Still, the Mandrill's big plan is to conquer the United States by, effectively, turning the female half of its population into his supporters, against their will if necessary. I think that makes him a "BernieBro," I'm not sure.

Ultimately, the Mandrill succeeds, conquering an evacuated White House and, by way of showing off his tremendous power, erecting a sacrificial fire-fountain in the middle of the rose garden.

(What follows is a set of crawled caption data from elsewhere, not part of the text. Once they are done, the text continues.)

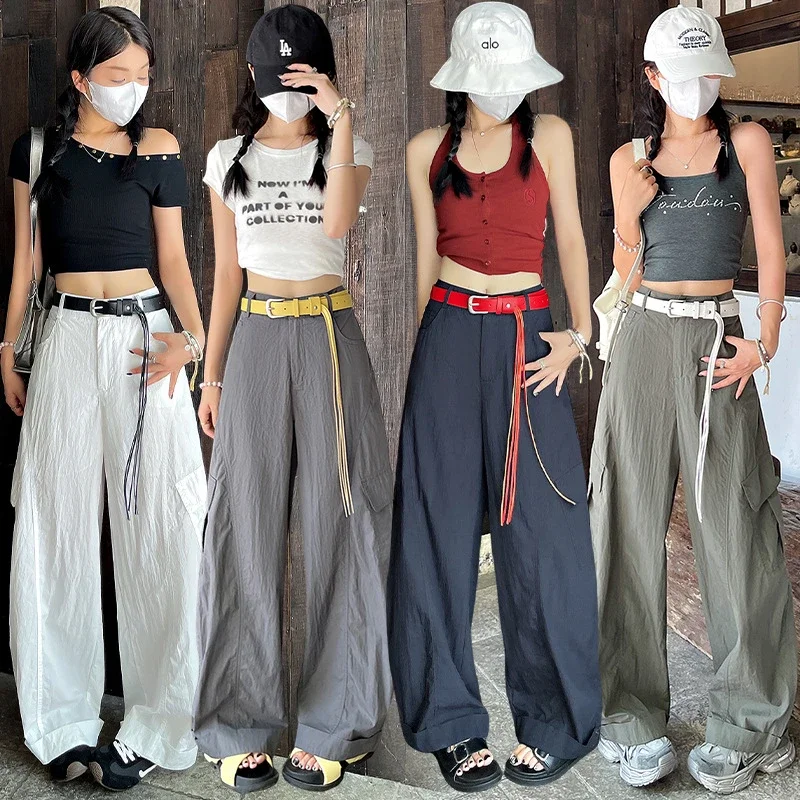 American Style High-Waist Cargo Pants for Women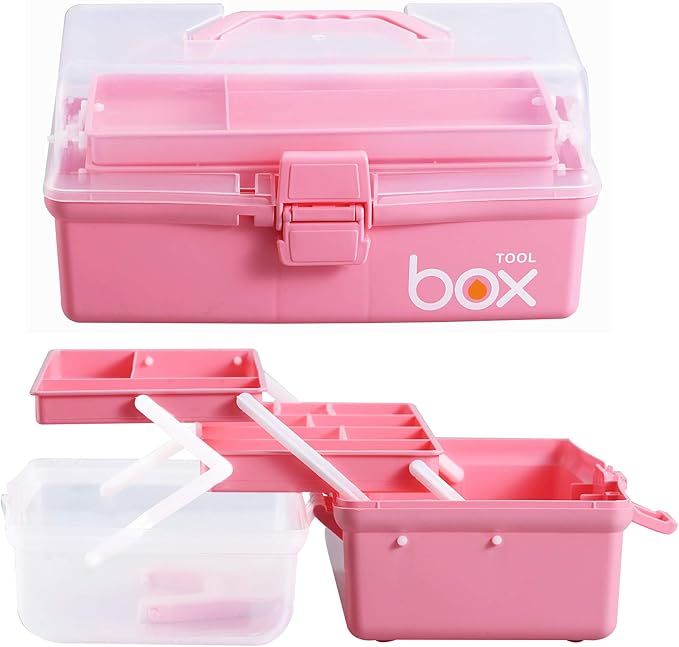 2PCS 12'' Three-Layer Clear Plastic Storage Box/Tool Box, Multipurpose Organizer and Portable Handled Storage Case for Art Craft and Cosmetic (Pink)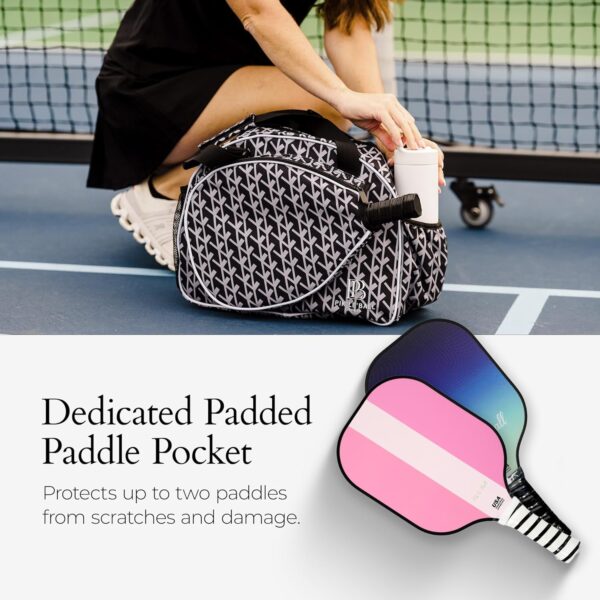 Pik’le’Ball Sport Premium Women's Pickleball Bag – Stylish and Versatile Sports Bag with Water Bottle Holder, Padded Paddle Pocket, and Spacious Design (fits 2+ Paddles!)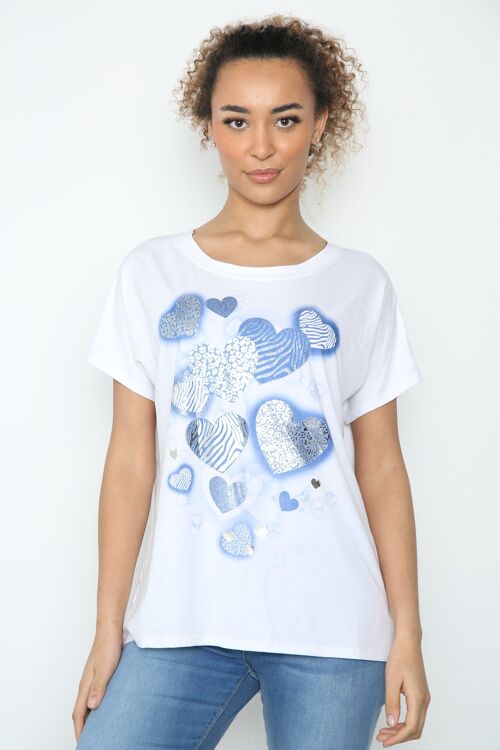 Foil heart design t-shirt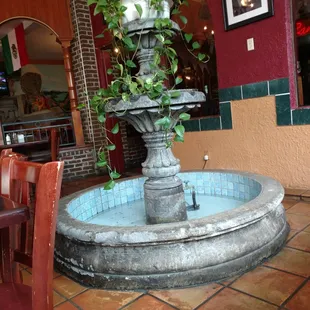 a fountain in a restaurant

The Mandrill's quest for power is obviously a bit of social commentary on Gerber's part; you take a white man with the expectation that he would possess, by dint of birth, a level of privilege and authority endemic to his class and, instead, invert his ethnicity so that he appears to be a representative of a segregated class, and you'd get a very angry brown-colored white (monkey) man, indeed. Add to that an emotionally adolescent figure tormented for her resemblance to her people's oppressors and throw in a suddenly-militarized contingent of lady libbers and you have much of what Gerber sees as the state of race, gender and power in the United States.

Where the metaphor works is the notion of a united front made up of people from historically oppressed social and economic underclasses combining their strength to overthrow the cultural institutions which have always held them down. Where the metaphor doesn't work is that the guy leading the movement is described as effectively african-american but is actually a white guy, is only black because he's a mutant, actually isn't black at all but is some kind of monkey, and also all the woman involved are brainwashed and the black women get monkey tattoos on their face. But with all of that being said, they have interesting taste in sacrificial altars.

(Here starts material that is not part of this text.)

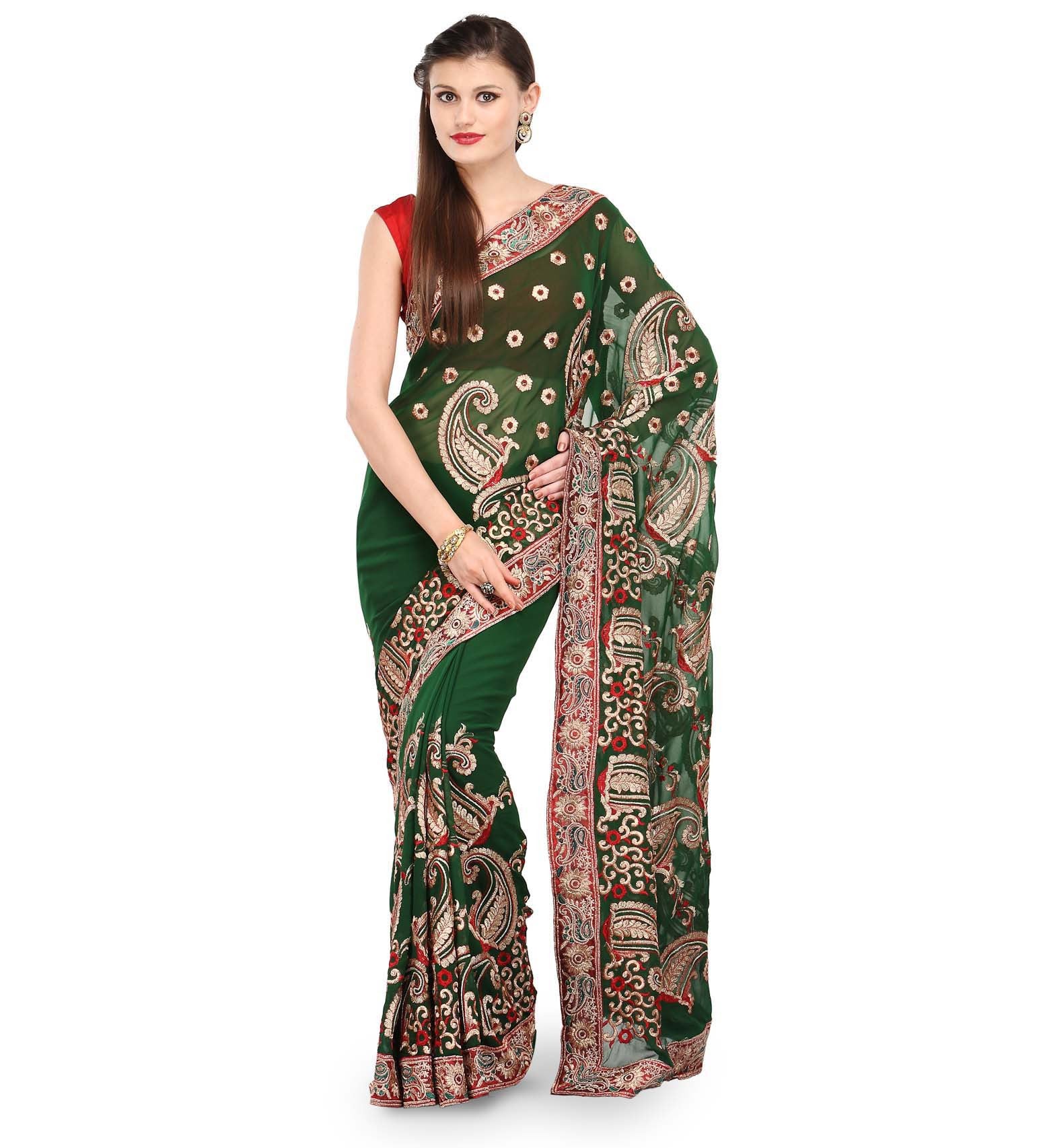 Green Faux Georgette Saree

During a final confrontation with Shanna, Daredevil and the Black Widow, the Mandrill gets kicked out of a window in the Oval Office, which is - surprisingly - the official means by which most presidents leave office in the U.S.. You learn something every day. He does survive to launch one more world-conquering scheme on the planet, only to be defeated by Daredevil and the Defenders, but that marks pretty much the end of his efforts.

When he does appear nowadays, it's low-level henchmanning and such. He's largely become one of those old villains who only gets re-used as third- or fourth-tier supporting characters so that the reader can point and say "I remember that guy, I think ... whatsisname, you know? Anyway ...funny!" Which is exactly the fate I hope we can visit on most presidential candidates in the end ...

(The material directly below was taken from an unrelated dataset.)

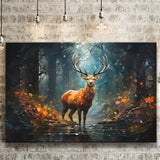 Deer Stag Head Oil Painting In The Forest V2 Canvas Prints Wall Art Home Decor, Painting Canvas, Living Room Wall Decor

The Mandrill also supported guerrilla theater, evidently.

3 comments:

Anony*Mouse said...

"MENACE OF THE MANDRILL!"?

That first panel makes it seem more like "ENTER THE EXPOSITOR!"

As to the man(drill) himself, I have to admire his moxy. If I had the power to control women with my pheromones and was immoral enough to use that power, I very much doubt that I'd ever get to the "take over the White House" stage.

Dan said...

The Nekra thing may be a clumsy attempt at "wishy-washy" equivalency, but it isn't horribly off-base. Albinism is not historically well-recieved.

Hell, in parts of Africa (primarily Tanzania), albinos are still in danger of having their limbs hacked off for use in traditional witchcraft.

I can give Nekra a slight pass, if only for that. That said, she's completely disconnected from the right context.

Dan said...

The Nekra thing may be a clumsy attempt at "wishy-washy" equivalency, but it isn't horribly off-base. Albinism is not historically well-recieved.

Hell, in parts of Africa (primarily Tanzania), albinos are still in danger of having their limbs hacked off for use in traditional witchcraft.

I can give Nekra a slight pass, if only for that. That said, she's completely disconnected from the right context.